Zunächst einmal hatte das Christentum zum Zeitpunkt der schriftlichen Niederlegung der Sagen bereits viele der älteren heidnischen Praktiken ersetzt. Damit einhergehend sollte man sich bewußt machen, daß das Christentum von allen heidnischen Aspekten am inbrünstigsten an der Ausmerzung jener interessiert war, die mit der Verehrung von Fruchtbarkeitsgottheiten zu tun hatten. Zu diesem Zweck vernichtete man Tempel und damit in Verbindung stehende künstlerische Darstellungen und verfolgte sogar die bloße Nennung all jener Götter, die mit Liebe, Sex und Ehe in Zusammenhang standen. Sogar wenn die heidnischen Wikinger über eine der ihrer christlichen Nachfolger ähnliche Technik zur Wiedergabe schriftlicher Informationen verfügt hätten, wären bestimmte Details der Zeremonie selbst nicht aufgeschrieben worden, da sie von den als "ghodi" oder "gydhia" bezeichneten Priestern und Priesterinnen auf die ausschließlich mündliche Weitergabe beschränkt wurden. Dies sorgte dafür, daß geheime Rituale nicht entweiht werden konnten, da sie auf diese Weise nur für die in ihre Religion Initiierten zugänglich waren. Sogar der öffentliche Teil eines solchen Rituals wurde nur selten aufgezeichnet, da diese ein so weit verbreitetes, alltägliches Wissen darstellten, daß die Autoren der Eddas und Sagen die Vertrautheit der Leserschaft mit denselben voraussetzten und eine nähere Beschreibung von daher nicht für wichtig hielten.
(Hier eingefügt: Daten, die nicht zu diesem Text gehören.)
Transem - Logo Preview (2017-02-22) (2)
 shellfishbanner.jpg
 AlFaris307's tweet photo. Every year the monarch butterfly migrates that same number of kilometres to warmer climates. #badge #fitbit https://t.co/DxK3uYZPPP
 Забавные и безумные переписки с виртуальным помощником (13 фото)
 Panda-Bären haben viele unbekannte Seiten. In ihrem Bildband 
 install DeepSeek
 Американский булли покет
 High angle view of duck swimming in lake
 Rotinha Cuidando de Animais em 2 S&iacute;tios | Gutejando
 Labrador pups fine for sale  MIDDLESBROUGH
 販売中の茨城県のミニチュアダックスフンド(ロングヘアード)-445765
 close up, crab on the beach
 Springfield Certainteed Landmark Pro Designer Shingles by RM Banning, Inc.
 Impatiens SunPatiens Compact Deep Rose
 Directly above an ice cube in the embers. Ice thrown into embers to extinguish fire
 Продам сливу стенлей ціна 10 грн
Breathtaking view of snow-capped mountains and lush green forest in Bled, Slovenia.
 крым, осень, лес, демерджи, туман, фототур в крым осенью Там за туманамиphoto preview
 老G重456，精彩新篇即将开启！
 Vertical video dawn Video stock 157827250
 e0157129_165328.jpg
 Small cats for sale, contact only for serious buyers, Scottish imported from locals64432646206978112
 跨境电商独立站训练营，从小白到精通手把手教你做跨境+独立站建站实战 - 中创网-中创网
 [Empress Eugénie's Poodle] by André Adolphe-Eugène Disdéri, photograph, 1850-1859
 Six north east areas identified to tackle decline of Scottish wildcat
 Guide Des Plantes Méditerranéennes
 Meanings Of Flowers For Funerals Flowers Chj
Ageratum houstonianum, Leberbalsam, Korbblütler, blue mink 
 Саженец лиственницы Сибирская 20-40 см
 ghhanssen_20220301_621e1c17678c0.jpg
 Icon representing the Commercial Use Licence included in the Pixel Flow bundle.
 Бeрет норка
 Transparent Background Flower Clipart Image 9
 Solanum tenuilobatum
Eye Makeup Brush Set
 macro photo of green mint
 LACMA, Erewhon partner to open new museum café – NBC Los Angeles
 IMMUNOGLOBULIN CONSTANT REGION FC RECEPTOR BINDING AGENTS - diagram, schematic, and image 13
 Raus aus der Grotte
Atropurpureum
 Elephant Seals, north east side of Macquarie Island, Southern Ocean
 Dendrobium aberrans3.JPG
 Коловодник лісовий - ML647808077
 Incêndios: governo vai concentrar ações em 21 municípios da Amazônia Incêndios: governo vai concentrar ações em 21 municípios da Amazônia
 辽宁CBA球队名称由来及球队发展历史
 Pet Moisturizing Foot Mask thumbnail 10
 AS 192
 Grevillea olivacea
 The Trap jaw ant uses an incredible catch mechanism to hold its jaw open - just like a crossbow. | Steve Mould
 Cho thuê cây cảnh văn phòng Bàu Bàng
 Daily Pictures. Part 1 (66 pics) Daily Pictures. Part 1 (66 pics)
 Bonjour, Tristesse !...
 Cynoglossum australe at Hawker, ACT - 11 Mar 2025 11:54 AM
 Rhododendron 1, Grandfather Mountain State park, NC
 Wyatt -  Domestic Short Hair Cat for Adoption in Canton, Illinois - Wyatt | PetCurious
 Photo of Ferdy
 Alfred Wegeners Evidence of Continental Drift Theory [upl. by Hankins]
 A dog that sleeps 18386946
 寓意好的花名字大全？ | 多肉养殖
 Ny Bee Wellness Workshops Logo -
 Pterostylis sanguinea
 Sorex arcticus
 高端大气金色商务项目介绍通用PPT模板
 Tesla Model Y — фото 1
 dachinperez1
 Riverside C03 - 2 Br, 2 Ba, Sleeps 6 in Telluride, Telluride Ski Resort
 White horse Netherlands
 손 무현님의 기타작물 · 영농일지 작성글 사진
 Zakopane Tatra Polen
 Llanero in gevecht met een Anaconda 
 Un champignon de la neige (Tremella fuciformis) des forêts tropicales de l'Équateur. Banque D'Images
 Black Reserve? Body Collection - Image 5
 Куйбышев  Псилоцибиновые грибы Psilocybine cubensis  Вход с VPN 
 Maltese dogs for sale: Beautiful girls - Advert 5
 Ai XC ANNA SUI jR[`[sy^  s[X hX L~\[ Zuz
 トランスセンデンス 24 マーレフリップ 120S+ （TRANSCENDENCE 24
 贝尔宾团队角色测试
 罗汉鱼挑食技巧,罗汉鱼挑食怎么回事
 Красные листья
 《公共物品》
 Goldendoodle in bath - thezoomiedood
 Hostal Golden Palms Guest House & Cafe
Wenn man also nun diese Lücken im Sinne einer brauchbaren Rekonstruktion der Hochzeitszeremonie der Wikinger schließen will, muß man sich der Folklore, den Ritualen anderer, mit diesen in Verbindung stehender germanischer Völker sowie den von Anthropologen und Ethnographen auf der Grundlage des modernen Menschen erstellten Strukturen bedienen. Wenn man die Eheschließung als einen Passageritus definiert, welcher den Übergang eines bis dahin lediglich erwachsenen Menschen zum Teil einer reproduktiven sozialen Einheit vollzieht, begeben sich bereits einige Teile des Puzzles an ihren Platz. Ein Passageritus beinhaltet bestimmte Standardmerkmale:
  1. Die Separation des Individuums von der umgebenden sozialen Gemeinschaft
  2. Zerstörung des oder Entlassung aus der bisherigen sozialen Identität des Individuums
  3. Herstellung einer neuen sozialen Identität mittels Unterricht und/oder Ritual
  4. Reintegration des Neuinitiierten in die umgebende soziale Gemeinschaft
Anhand der Informationsfragmente, über die wir bezüglich der Hochzeitsbräuche der Wikinger verfügen, können all diese Merkmale identifiziert werden.

A. Festsetzung eines Hochzeitstermins

Im Norden war der traditionelle Tag für eine Hochzeitszeremonie der der Göttin Frigga geheiligte Freitag. Darüber hinaus war der Termin wohl klimaabhängig, da die Anreise für die Gäste, Zeugen sowie die Familien der Braut und des Bräutigams während der Wintermonate schwierig, wenn nicht sogar unmöglich gewesen sein dürfte. Die Feier zog sich häufig über Wochen hin, so daß ein reichhaltiges Angebot an Nahrungsmitteln zur Verfügung stehen mußte. Dies legt einen Zeitpunkt in Erntenähe nahe. Den gesetzlichen Richtlinien für eine Hochzeit zufolge war es obligatorisch, daß das Paar gemeinsam vom sogenannten "Brautbier" trank - üblicherweise war dies Met (im Original "ale", was im Englischen eine ganze Reihe von gegorenen Getränken und nicht nur das uns geläufige Bier bezeichnet, Anm. d. Übers.) - was bedeutet, daß zur Herstellung desselben Honig zur Verfügung stehen mußte, und zwar in einer Menge, die es dem Paar erlaubte, noch den ganzen der Eheschließung folgenden Monat davon zu trinken (der Honey-moon"). Wenn man all diese Fakten zusammen nimmt, erscheint als häufigster Hochzeitstermin der Zeitraum zwischen Sommerende und dem frühest möglichen Einbruch des Winters als wahrscheinlich.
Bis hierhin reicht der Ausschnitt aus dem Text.